The paper proposes five implementation mechanisms:
1. AI value stewardship
2. Normatively competent agents
3. Win-win negotiation systems
4. Meaning-preserving economic mechanisms
5. Democratic regulatory institutions
This is a stronger claim than coordination-focused alignment theses, which address coordination between AI labs but not necessarily the institutional structures themselves.

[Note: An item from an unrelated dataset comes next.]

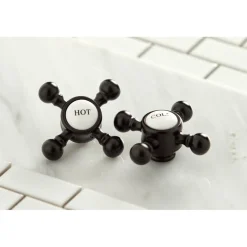 Kingston Brass Heritage Deck Mount 3-Hole 4-Inch Centerset Bathroom Faucet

The key insight is that institutional misalignment (e.g., competitive pressure to skip safety measures, regulatory capture, misaligned economic incentives) can undermine even perfectly aligned individual models.
## Evidence
The paper provides architectural arguments rather than empirical validation. The claim rests on the observation that individual model alignment cannot address:
- Multi-stakeholder value conflicts where different groups have genuinely incompatible objectives
- Institutional incentive misalignment (e.g., competitive pressure to skip safety when competitors advance without equivalent constraints)
- Deployment context divergence from training conditions, which institutional structures either amplify or mitigate
- Regulatory capture and principal-agent problems within governance institutions themselves
## Limitations
No formal impossibility results or empirical demonstrations are provided. The paper is architecturally ambitious but lacks technical specificity about how institutional co-alignment would be implemented, measured, or verified. The five mechanisms are proposed as a framework but not demonstrated as sufficient or necessary.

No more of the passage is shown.